Et s'il voulait tellement vivre l'expérience de la «chair de sa chair» et s'assurer une filiation, pourquoi diable n'en a-t-il pas eu plus tôt, alors? «Parce que j'ai fait comme tous les mecs, répond-il. J'ai tergiversé. Entre 25 et 35 ans, ce n'était pas une question fondamentale pour moi, j'avais d'autres problèmes à régler.»

Il n'est pas seul. C'est aussi exactement le cas de Fred, 41 ans, qui apprivoise difficilement ces jours-ci l'idée qu'il ne sera peut-être jamais papa. «Tu te laisses porter par la vie, par ce que tu veux devenir. Je me disais toujours que oui, ça allait arriver.» Mais à près de 42 ans, non, ça n'est toujours pas arrivé: il est toujours célibataire, et toujours sans enfant. «Rencontrer quelqu'un avec qui je suis bien, ce n'est pas arrivé, confirme-t-il. Alors mes chances d'avoir des enfants vont en diminuant. À 41 ans, peut-être que ça n'arrivera pas. Oui, ce sera un deuil», laisse-t-il tomber.

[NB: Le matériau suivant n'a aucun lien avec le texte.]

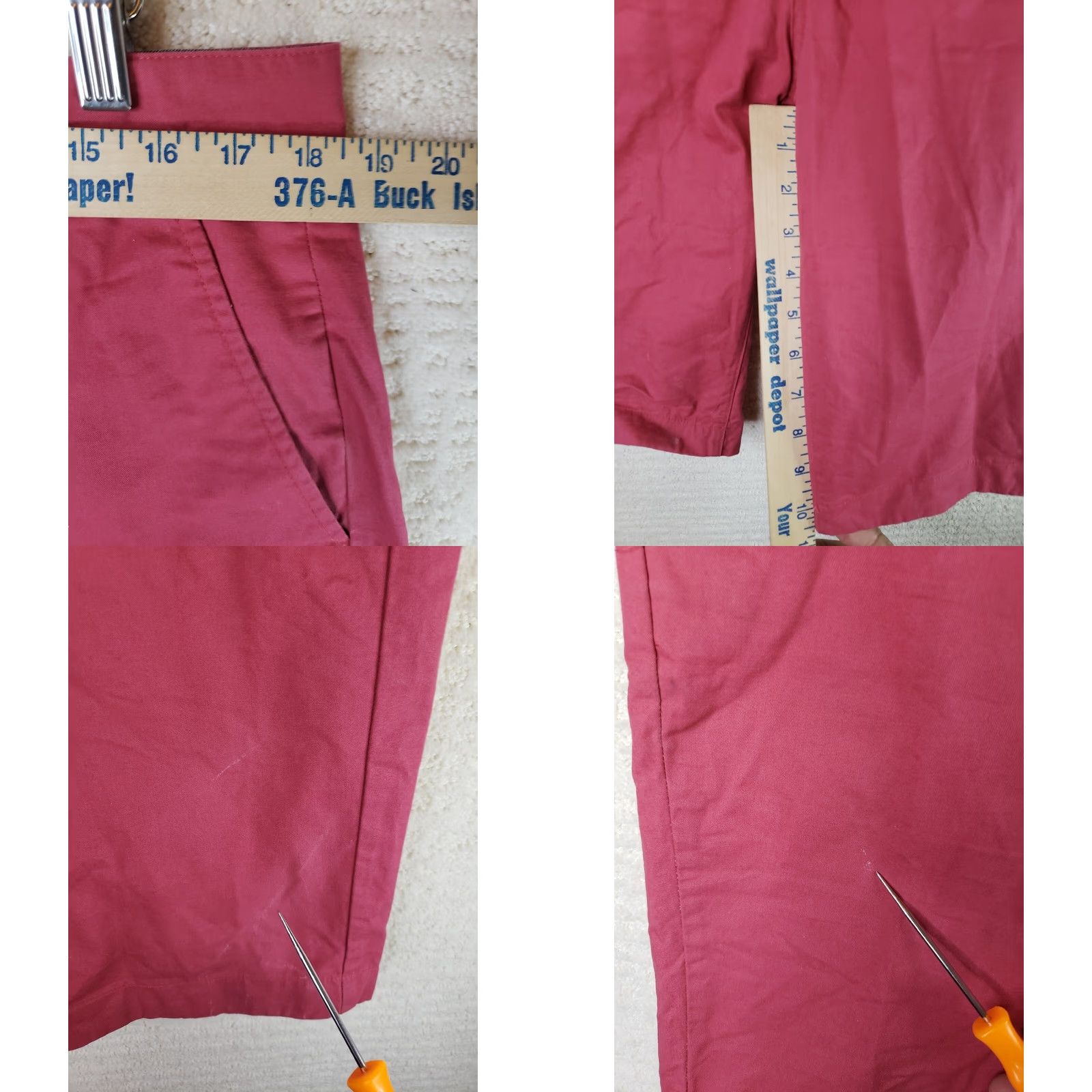 Vintage Allegiany NY Men's 34W x 10.5L Red Cotton Shorts Longer Length Chino Casual Regular Waist Pocket 34in Inseam 10.5in Mens Red Cotton Shorts Size US 34 / EU 50 - 8 Thumbnail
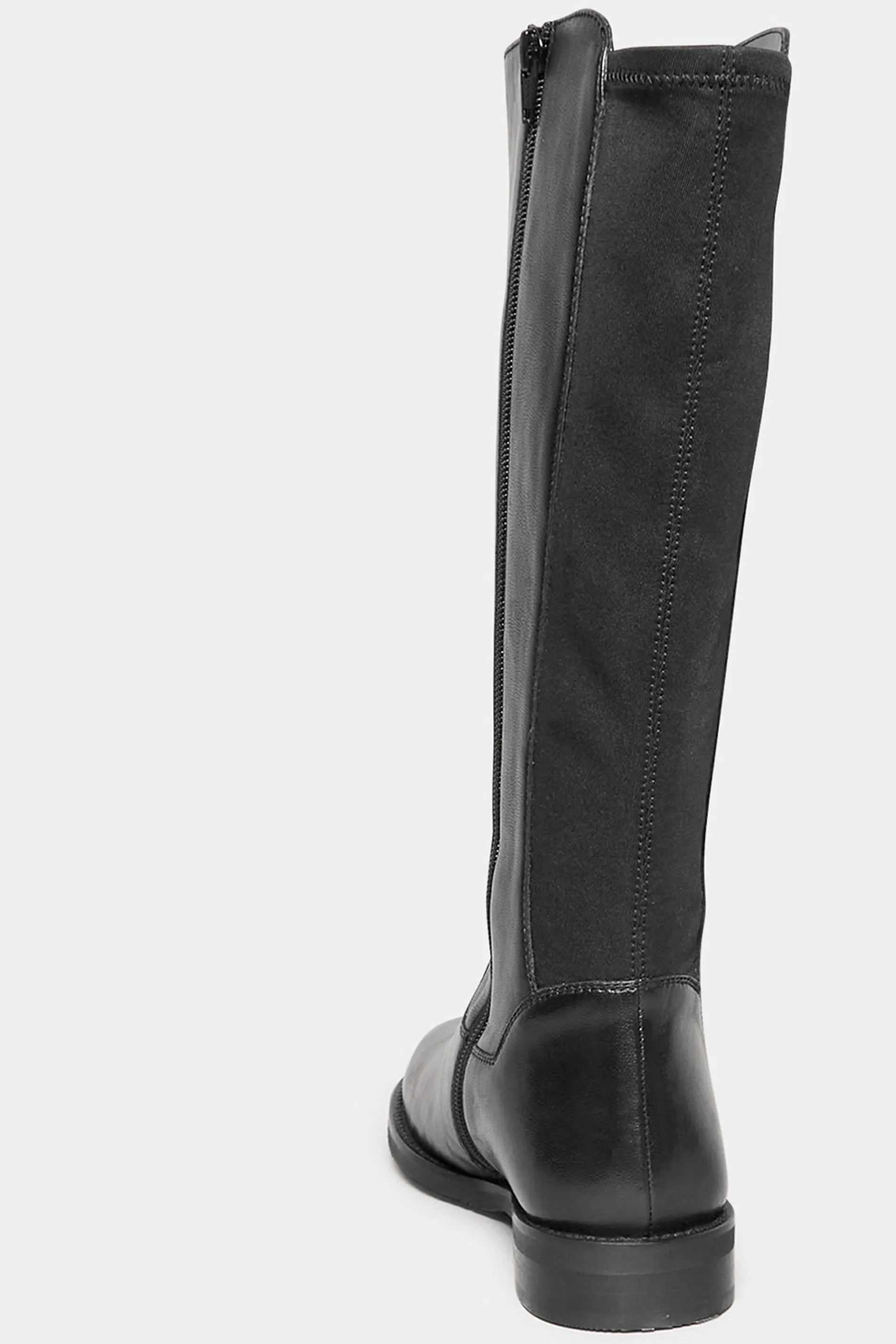 Black Elasticated Knee High Leather Boots In Wide E Fit & Extra Wide EEE Fit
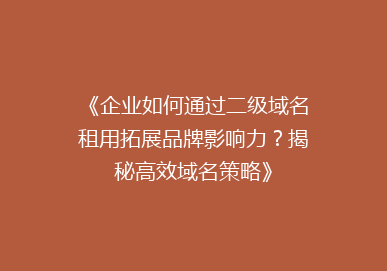 《企业如何通过二级域名租用拓展品牌影响力？揭秘高效域名策略》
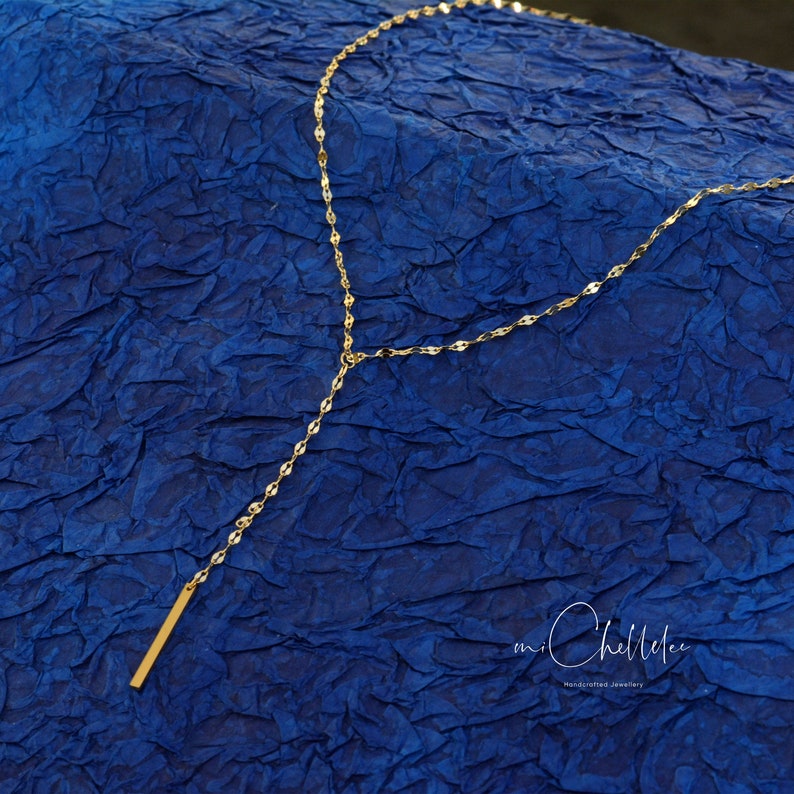 Collier ras du cou en or Y avec chaîne sur le devant, collier en Y en acier inoxydable, collier à paillettes dorées, bijoux délicats image 3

Idem pour Louis, 50 ans, qui a du mal à se faire aujourd'hui à l'idée qu'il n'aura peut-être jamais de descendance. Et qu'il vieillira du coup tout seul, finalement. «Mon père est décédé il y a quatre ans. Et c'est à ce moment-là que j'ai vraiment vu l'importance des enfants. Toutes les décisions importantes sur sa santé, c'est ma soeur et moi qui les avons prises. Mais moi, qui prendra ces décisions pour moi?»